Friday, January 6, 2012
Anna Thorvaldsdottir, "Rhizoma," High-Mode Musical Abstractions
Some music requires that you clear your head of distracting influences and open up. Clearly that is the case for Anna Thorvaldsdottir's Rhizoma (Innova 804). It is a series of works for various forces: percussionist on grand piano (Justin DeHart), chamber ensemble (KAPUT, conducted by Snorri Sigfus Birgisson), or full orchestra (Iceland Symphony Orchestra, conducted by Daniel Bjarnson). "Hidden" consists of five rather brief movements, scattered across the disk, as played by Mr, DeHart. "Hrim" and "Streaming Arhythmia" are for chamber ensemble, and "Dreaming" is for symphony orchestra.
Ms. Thornvaldsdottir's music is ethereal, often sparse, with a timeless, floating quality. They are so much of a piece that if one listens without reference to how the tracks are parsed, one piece flows into the other with sound colors changing, but a feeling of stylistic continuity dominates. The music sometimes reminds me of a set of wind chimes on a mildly breezy day, though nothing sounds like wind chimes really, and you do not hear the sound of wind. And it's not a random quality one hears either. Instead there is a very irregular and unpredictable contrast between musical utterence and quiescence, too directed to be the product of chance operations, but also too experiential-serendipital to be a product of logical-linear thinking.
Those factors make it essential that one listens in a state of relaxed concentration. My first several hearings of the disk were in hectic multitasking situations and I came away with no impression at all. It is not background music. When I went back and concentrated on the music I found my aural footing and was able gradually to come to appreciate what was happening.
This is, in it's own way, the music of Iceland (from which Ms. Thorvalsdottir hails). If that explains anything however I am not sure what, except that perhaps Anna spent some time in a less noisy world than ours, and has come to understand that relative silences and the silent actions of memory are implicit framing points and lead to a different mind-set than the continual periodicic, unreflecting action-sound we are used to hearing.

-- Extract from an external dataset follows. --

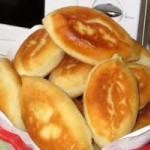 Pirozhki stuffed with mashed potatoes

In the end, one leaves this music with a feeling that one is in the presence of an original voice, a poetics of desolation and isolation, an a-strophic language of free-verse, a series of sound color pieces that have more in common with natural forces than human-made machinery, that at first puzzle and then confirm.
Anna Thorvaldsdottir. She is whispering something in your ear. It will take many hearings to make out what she says to you. It is worthwhile that you listen, anyway.